**PROBLEM STATEMENT:**
Using the data below, return word for word every line from the one holding "In comparison to" down to the one holding "It also strengthens". Leave pictures out.

**ENTRIES SUPPLIED:**

····················

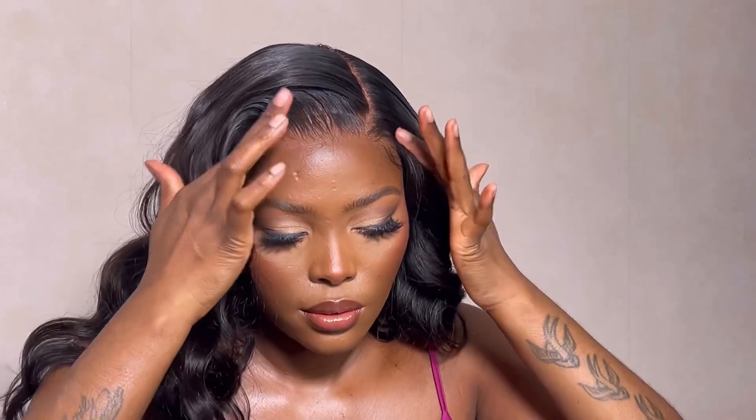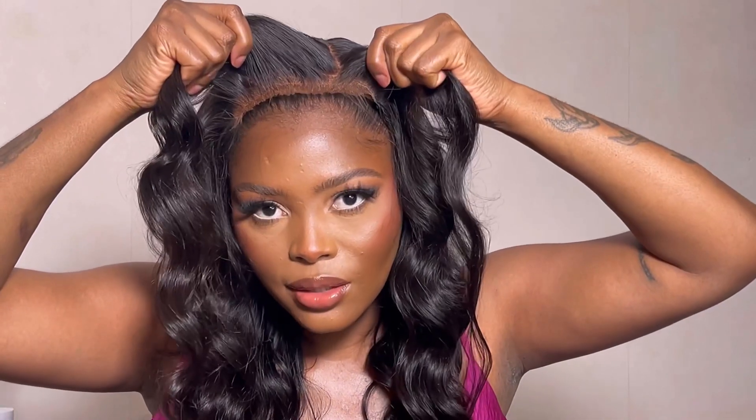I'm just going to pop this off and let's see how the lace is looking — and this is how it's looking. I'm just going to blend this a bit more in, and that's literally it. That's how simple and easy it is to install this unit, and it is completely glueless.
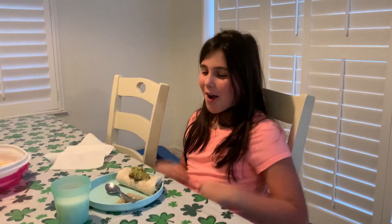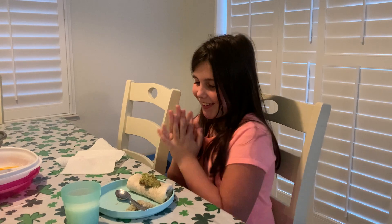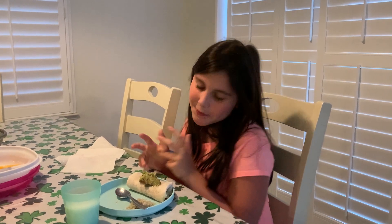Hey everybody, it's Lila from Mom's Critic, and today we are going to be having a burrito that my mom made. It is a ground turkey burrito — yet again. If you didn't know, my mom's specialty is ground turkey, so we get that a lot. Okay, so yeah, let's see.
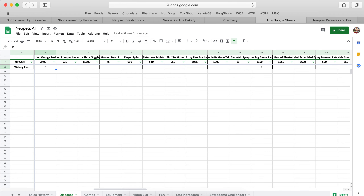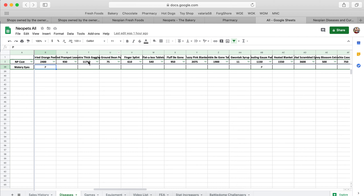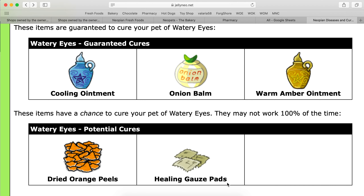In comparison to the other ointments, which are 8,000 — this is the cheapest guaranteed. And then the probable or potential cures, the dried orange peels and healing gauze, are still 2,400 for the peels and 1,100 for the healing gauze pad.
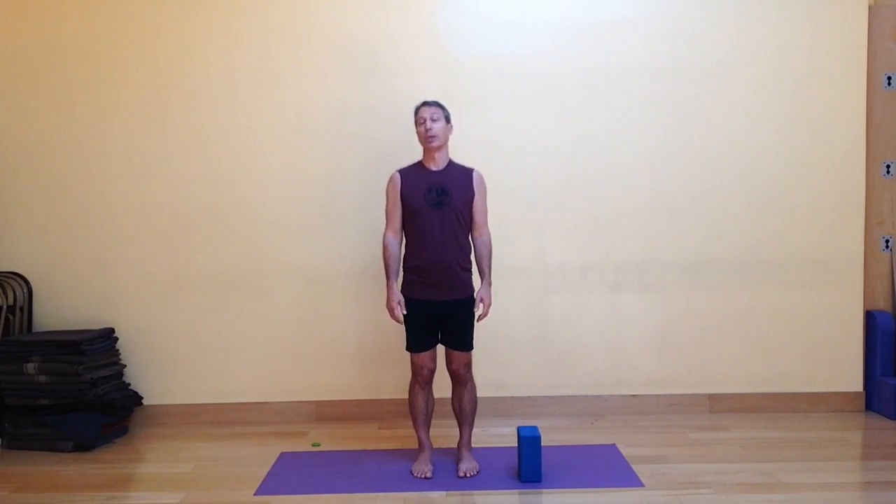It also strengthens and mobilizes the shoulders. So you get lots of good benefits with dynamic crescent moon pose. That's it for today with our dynamic mini vinyasa. Follow me offline at BaxterBell.com on my blog site, Yoga for Healthy Aging. And look for longer practices on the practice channel at YogaYouOnline.com. Until next time, Namaste.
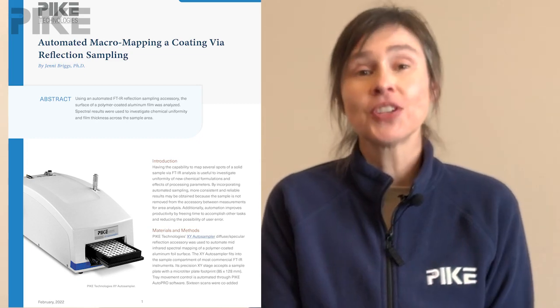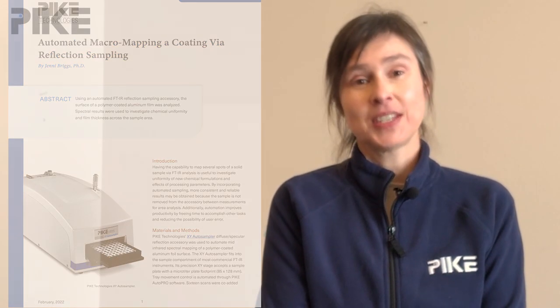So if you found this tip helpful, you might want to check out our latest application note where we use one of our automated accessories, our XY, to map the surface of a coating on a reflective substrate. Thank you for watching, and we'll see you next time.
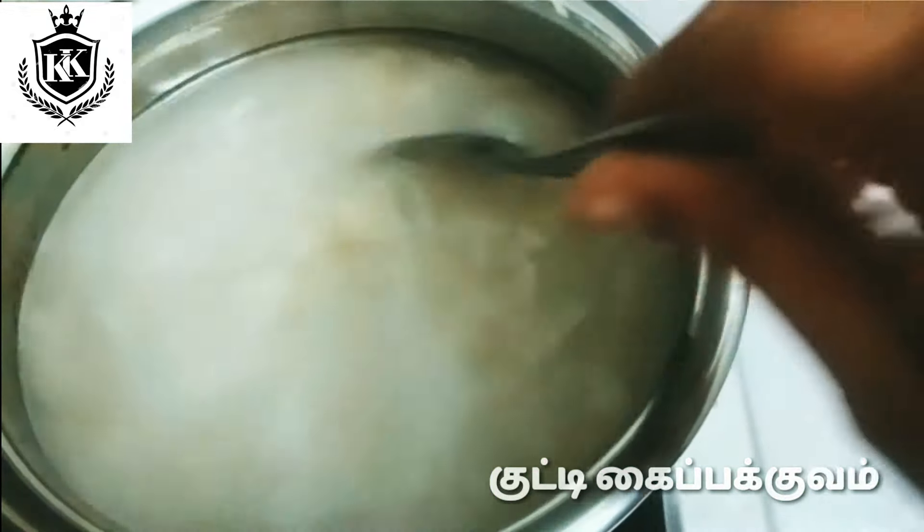Now, we put the paste in. Then we put this paste into a large paste. This paste is not too thin. This paste is local. We put it in there for a little while.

····················

**ANSWER FOR THE TASK:**
In comparison to the other ointments, which are 8,000 — this is the cheapest guaranteed. And then the probable or potential cures, the dried orange peels and healing gauze, are still 2,400 for the peels and 1,100 for the healing gauze pad.
It also strengthens and mobilizes the shoulders. So you get lots of good benefits with dynamic crescent moon pose. That's it for today with our dynamic mini vinyasa. Follow me offline at BaxterBell.com on my blog site, Yoga for Healthy Aging. And look for longer practices on the practice channel at YogaYouOnline.com. Until next time, Namaste.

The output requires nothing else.